Berkswell sheep’s milk cheese, one of Britain’s best known artisan cheeses, is set to disappear from counters following the closure of Ram Hall Dairy, where it has been made for nearly 35 years. Berkswell has been made in the West Midlands by the Fletcher family since 1989, using raw sheep’s milk from their own flock. But owner Stephen Fletcher decided to close earlier this year due to ill health, rising costs and tough trading conditions.
As FFD went to press, a deal was being finalised to sell the flock of 800 sheep to BlackLion Vodka in the Cotswolds, which previously bought whey for distilling from Ram Hall. The drinks company plans to supply King Stone Dairy in Gloucestershire with sheep’s milk, for a new Ossau-Iraty style cheese, and take the whey for its vodka in return.
Fletcher, who is currently selling his cheesemaking equipment, will vacate the farm where his family has lived since 1881 and help set up the milking operation. He told FFD the cheese business was still solvent, but a combination of factors were behind the difficult decision to quit.
“We’ve taken hit after hit,” he said. “I’ve not enjoyed the best of health, but we first noticed a drop because of the uncertainty caused by Brexit and tariffs imposed by Trump on British cheeses to the US. Then the Pandemic blew big holes in our sales. The last straw was the hike in energy costs. We put our prices up as much as we dared, but it still wasn’t enough.”
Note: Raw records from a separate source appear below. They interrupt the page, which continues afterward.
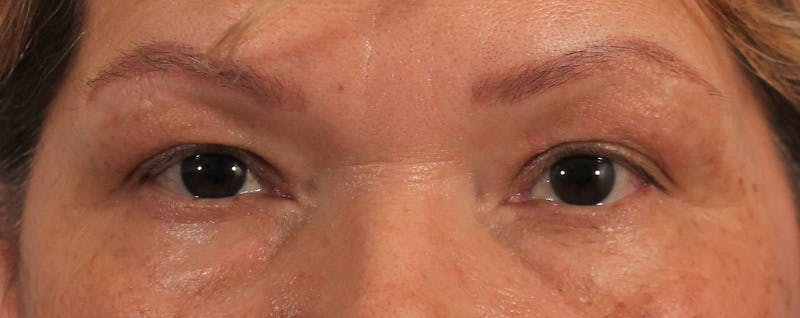 Blepharoplasty Before & After Gallery - Patient 145103283 - Image 1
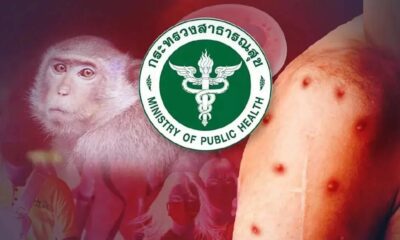 จำนวนผู้ป่วยโรคฝีลิง (Mpox) ในประเทศไทยทะลุ 1,000 รายตั้งแต่ปี 2022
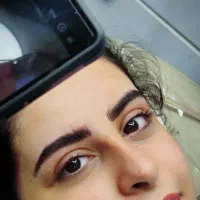 میکروپیگمنتیشن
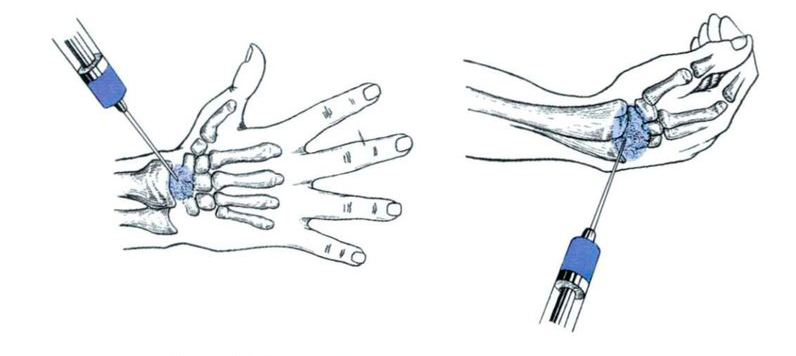 Канал блокада. Пункция лучезапястного сустава методика. Пункция локтевого сустава. Блокада запястного сустава. Блокада лучезапястного сустава техника.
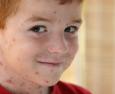 Varicella: sintomi e rischi per adulti e bambini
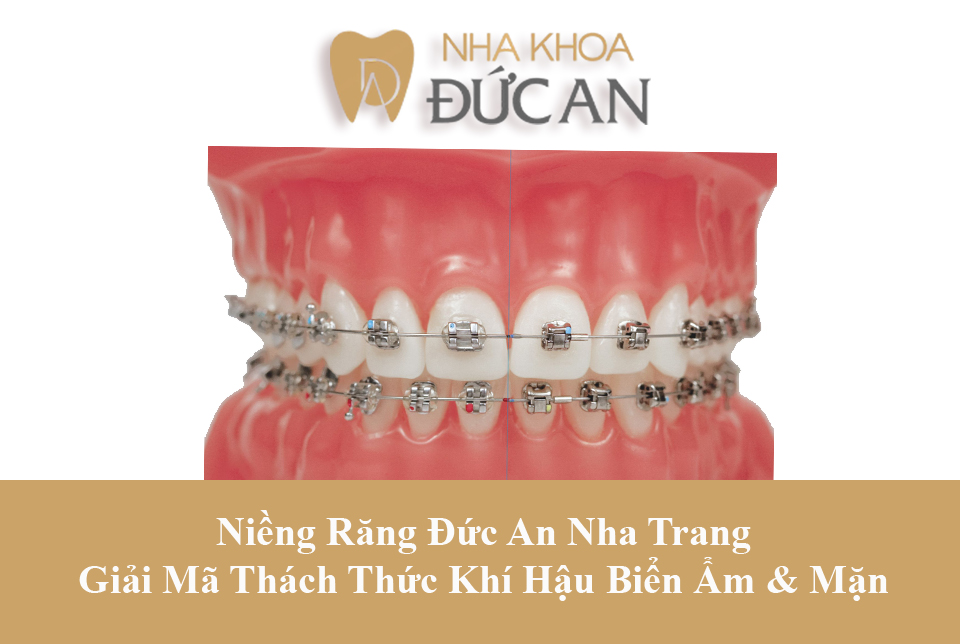 Niềng Răng Nha Trang: Giải Mã Thách Thức Khí Hậu Biển Ẩm & Mặn
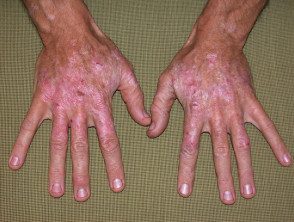 Queratosis actínicas que afectan las manos.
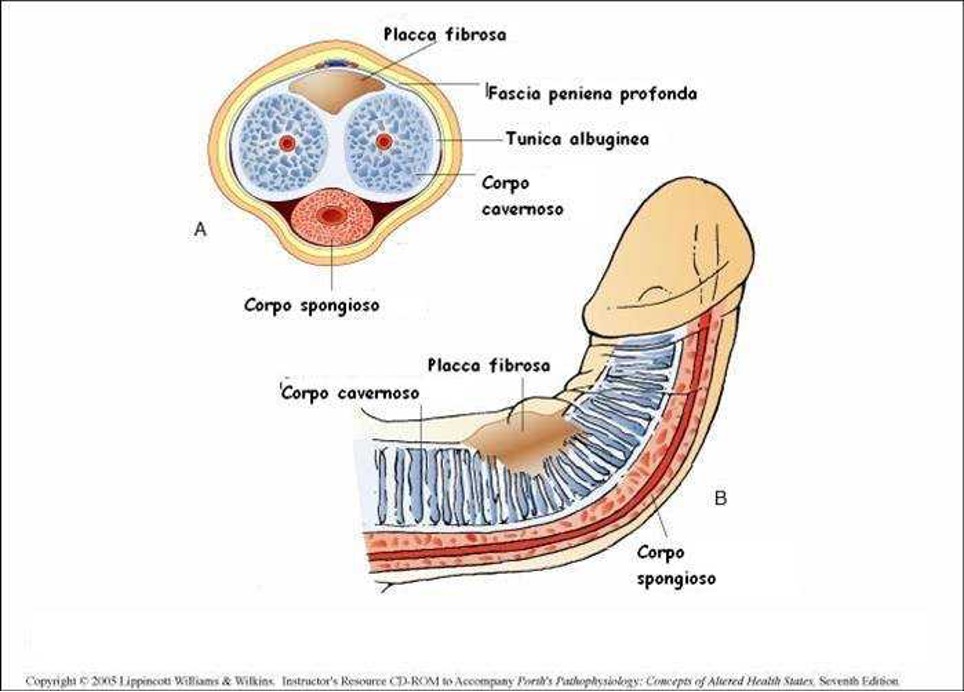 Cause anatomiche della disfunzione erettile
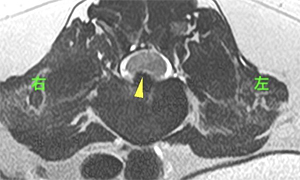 【MRI、L4-5横断像、T2強調画像】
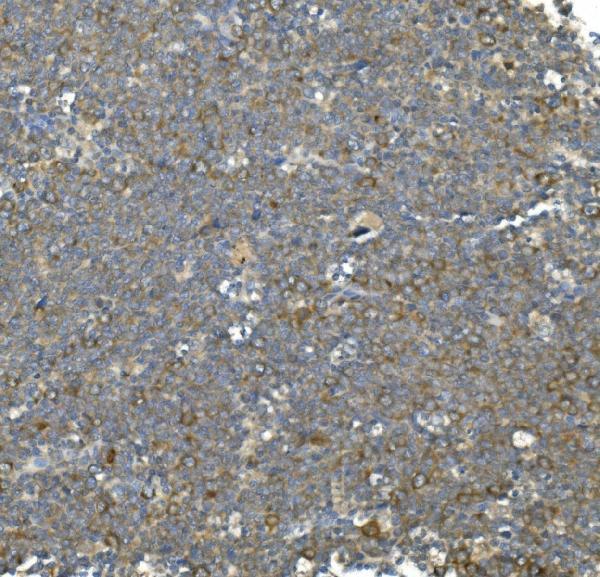 m01024 1 hsc70 primary antibodies ihc testing 6_1
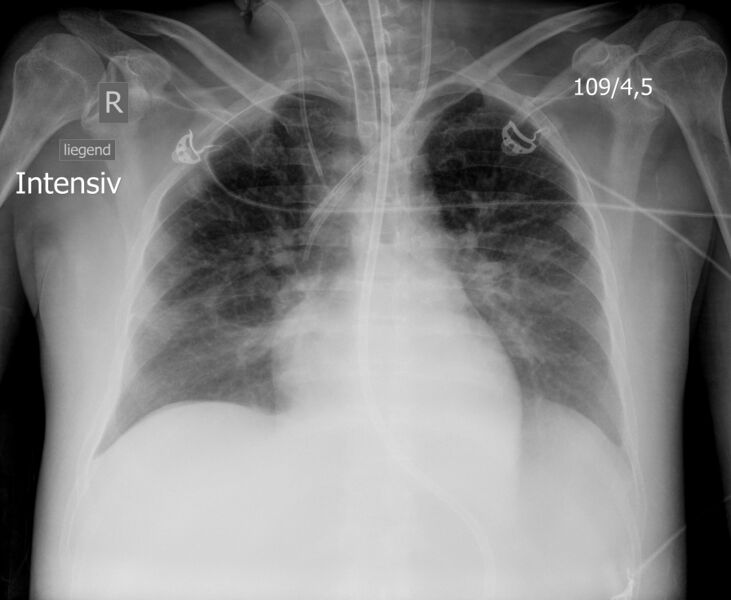 File:Chest radiograph- lines and tubes in intensive care (Radiopaedia 48275).jpeg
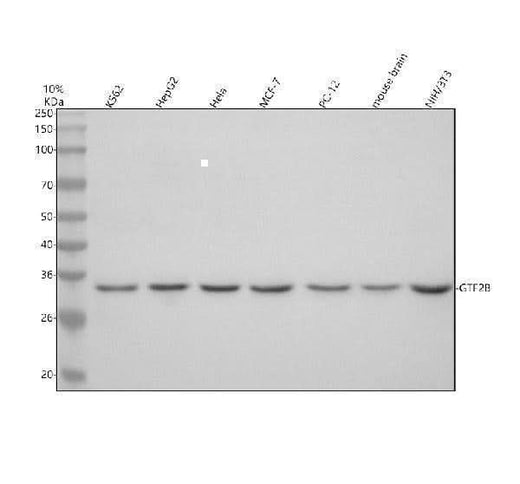 Anti-GTF2B Antibody Picoband® Boster Bio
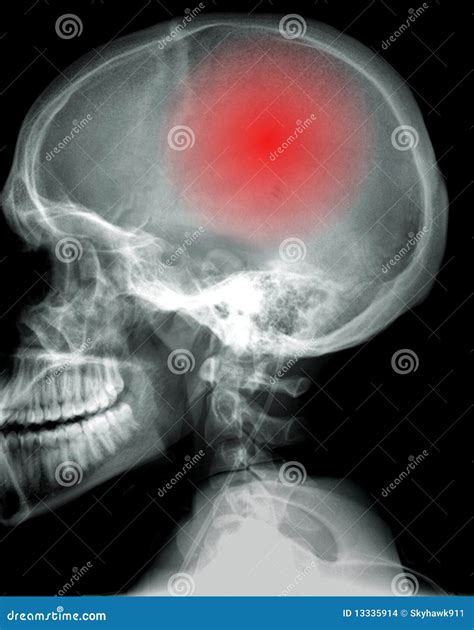 Headcache Skull With Pain Inside Stock Photo Image Of Joint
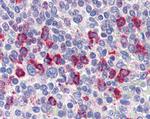 CD14 Antibody in Immunohistochemistry (Paraffin) (IHC (P))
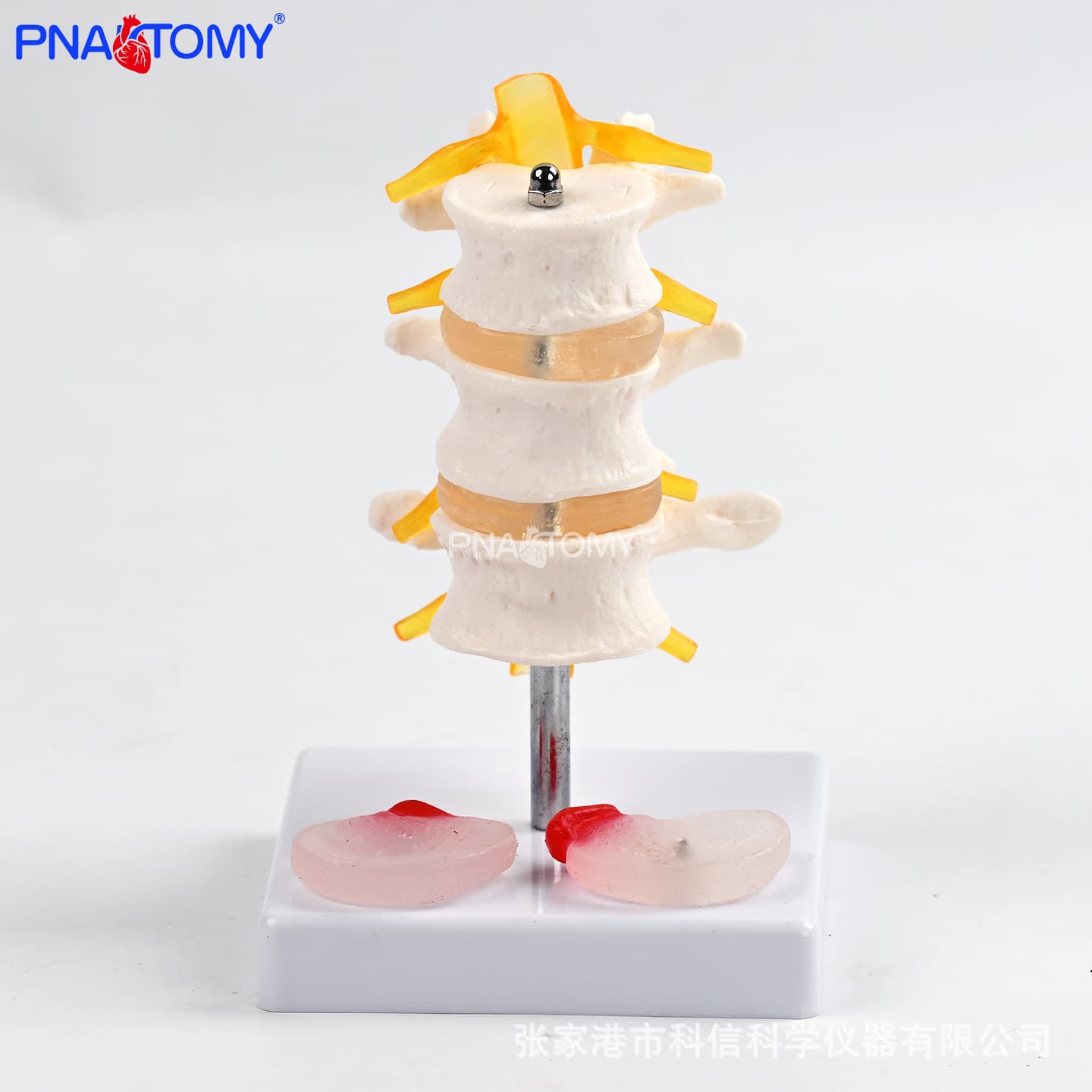 Medical Three-Section Lumbar Belt Diseased Intervertebral Disc Model Herniated Bulging Degenerated Nerve Root Compression Teaching Doctor-Patient Communication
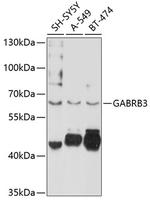 GABRB3 Polyclonal Antibody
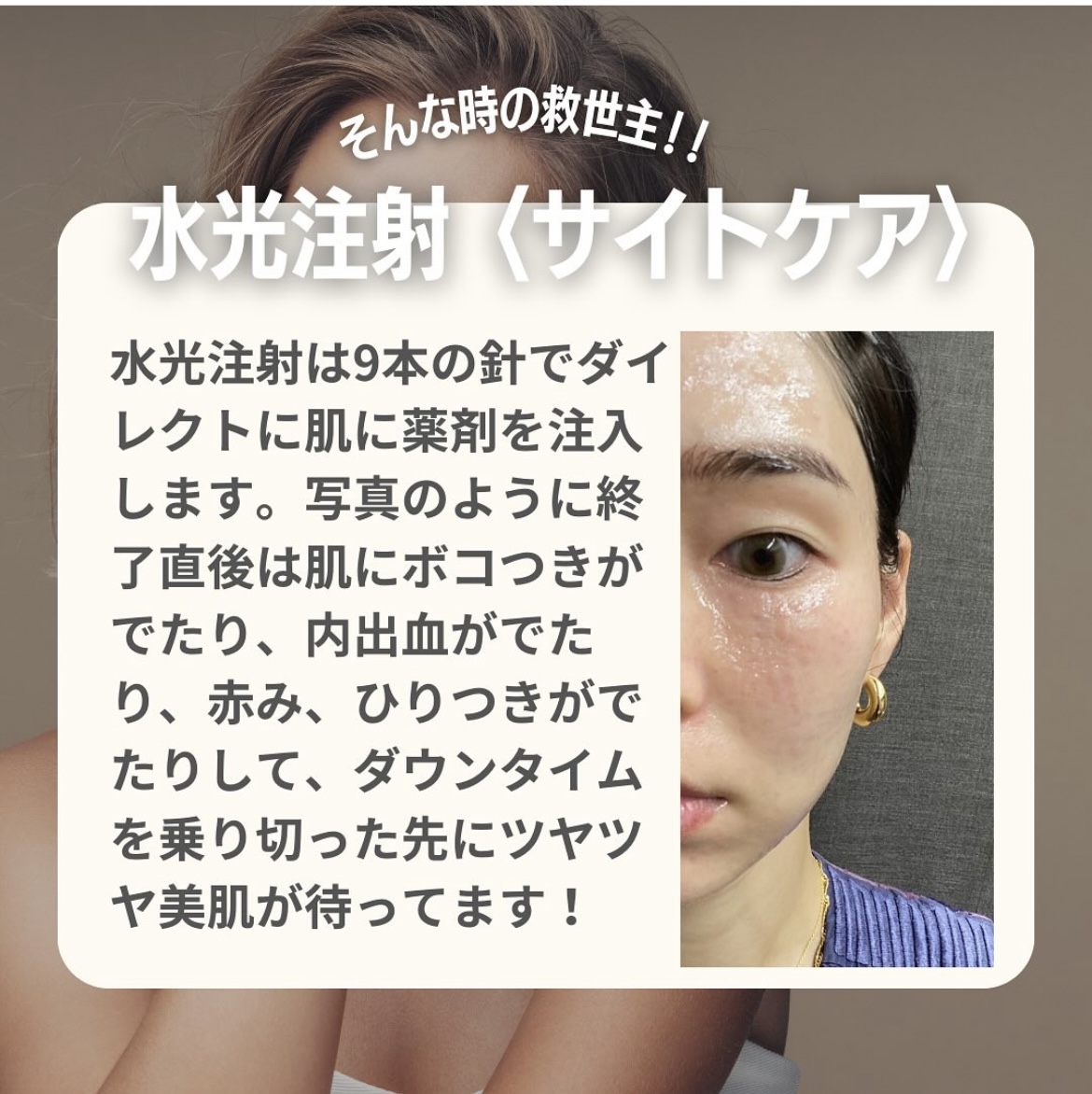 ClairClinic's tweet photo. 美容ナースの休日肌メンテをご紹介します👏🏻👏🏻
今回は水光注射です💉

ダウンタイムを乗り切った先にツヤツヤ美肌が
待ってますので、ダウンタイムは考慮して
ご予約してくださいね✨

CYTOCARE：¥55,000→LINE限定価格¥44,000
 PINK GROW：¥49,500→LINE限定価格¥39,600
 プラチナムマスク・麻酔付き❣️ https://t.co/hM7kyIQ04n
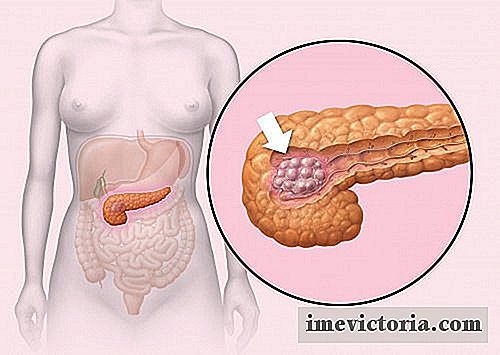 5 Early Signs for Cancer al pancreas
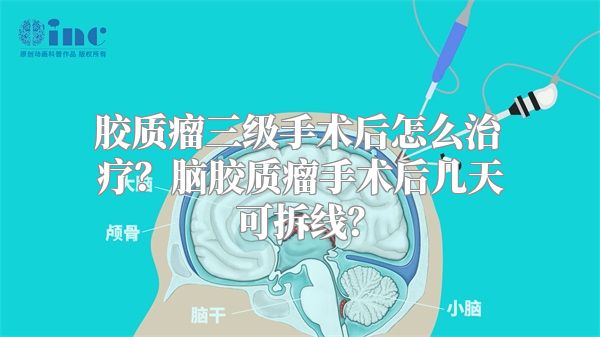 胶质瘤三级手术后怎么治疗？脑胶质瘤手术后几天可拆线？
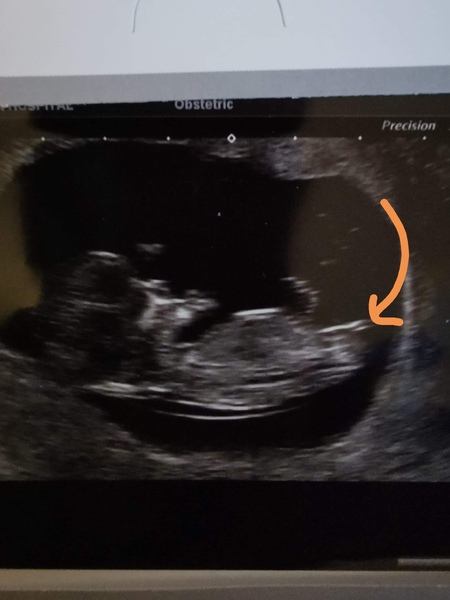 Is this the nub?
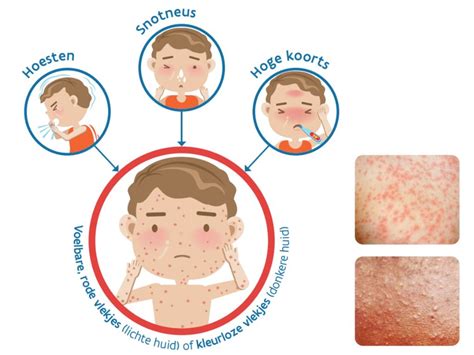 Illustratie die de symptomen van hemolacrie en mogelijke oorzaken toont.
Fletcher set up the business with his mother and father – initially his mother made cheese in plastic buckets meant for home brewing. The hard cheese, which got its flying saucer shape from being moulded in two colanders, was a favourite of Michelin-starred chefs and was exported around the world by Neal’s Yard Dairy.
It won numerous awards, including Supreme Champion at the Artisan Cheese Awards and the The James Aldridge Memorial Trophy.
“We’ve had tremendous satisfaction, pleasure and fulfilment from being farmers and cheesemakers,” said Fletcher. “It’s been a privilege to be part of the British artisan cheese revival. There’s obviously huge sadness, but there is also a sense of relief. It had become so stressful that the pleasure had gone and it had become a slog.”
This article first appeared in the October-November 2023 edition of Fine Food Digest.